LE DEVOIR DE RESERVE EXISTE-T-IL ?

LE DEVOIR DE RESERVE EXISTE-T-IL ?

LE DEVOIR DE RESERVE EXISTE-T-IL ?


Frédéric ELEUCHE,
Secrétaire national du SNALC
Chargé des personnels administratifs,
de santé et sociaux
administratifs@snalc.fr
Le 27 septembre 2019

Le projet de loi intitulé « L’école de la confiance » a soulevé d’innombrables discussions, polémiques et controverses. Il nous demande de faire preuve d’exemplarité mais il ne mentionne pas le devoir de réserve. Pas davantage on ne trouvera dans le code de la fonction publique de loi exigeant ce devoir. D’où vient donc cette polémique alors que l’article 6 de la loi n° 83-634 du 13 juillet 1983 portant droits et obligations des fonctionnaires commence par cette phrase «la liberté d’opinion est garantie aux fonctionnaires » ?

Le conseil constitutionnel a restreint ce droit : permettre au fonctionnaire de manifester son opinion dans l’exercice de ses fonctions risque de semer le doute sur sa capacité de respecter le devoir de neutralité et de nuire à sa crédibilité. C’est ainsi que les professeurs ne peuvent faire état de leur opinion dans une salle de classe et l’administration n’a pas attendu le projet de loi Blanquer pour sanctionner parfois durement le professeur qui a manqué à ce devoir qui se conjugue avec le respect de la laïcité. Des collègues stagiaires, contractuels ou même titulaires ont été révoqués pour avoir refusé de respecter le devoir de laïcité.

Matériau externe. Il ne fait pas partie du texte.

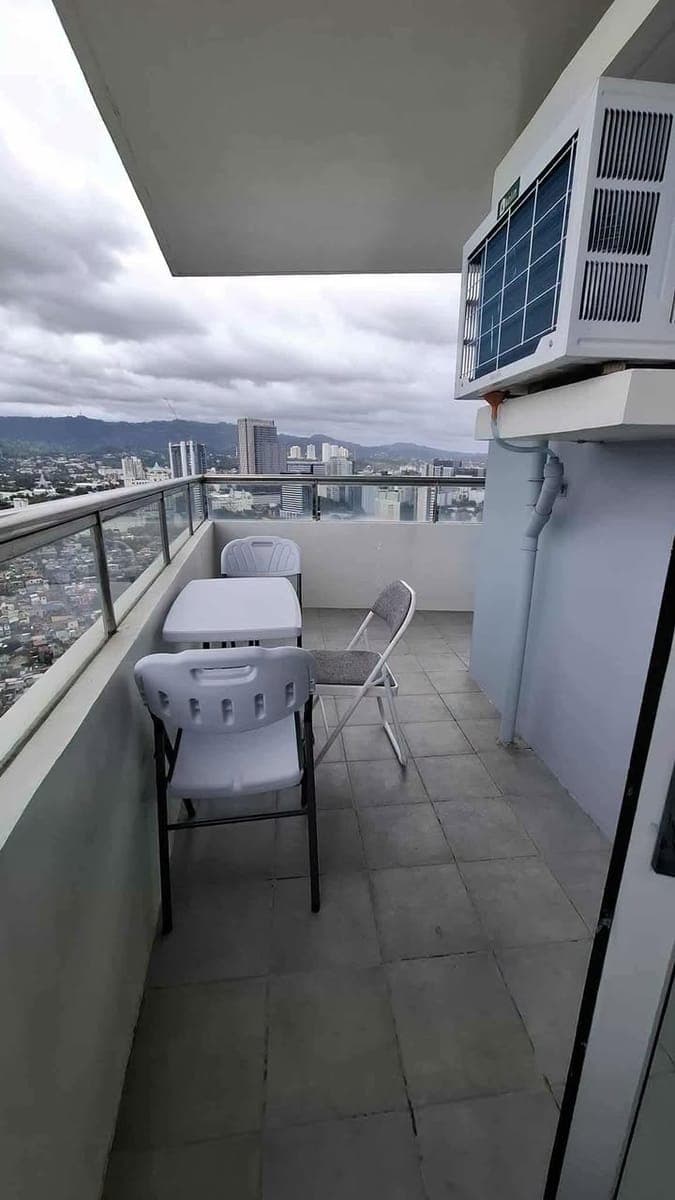 FOR RENT: Fully Furnished Studio Corner Unit – Taft East Gate - photo 4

Les quelques tentatives de mettre ce devoir de réserve dans la loi ont été rejetées y compris par le ministre de la fonction publique en 1982 qui a expliqué que ce devoir est le résultat d’une « construction jurisprudentielle extrêmement complexe » En réalité, plus le fonctionnaire est élevé dans la hiérarchie, plus sa liberté d’expression est grande et le manquement à ce devoir devra donc être apprécié au cas par cas par le juge administratif.

On ignore généralement que le fonctionnaire est aussi tenu d’observer un comportement respectueux des convenances en particulier dans les relations humaines dans le service et même en dehors du service pour ne pas nuire à la réputation de l’institution (Conseil d’État, 27 octobre 1995, 15 juin 2005) Le manquement à ce devoir peut entraîner des sanctions et la jurisprudence est très abondante à ce sujet.

En conclusion, le fonctionnaire est moins libre qu’il ne le croit. La nouvelle loi relative à L’école de la confiance n’y changera pas grand-chose.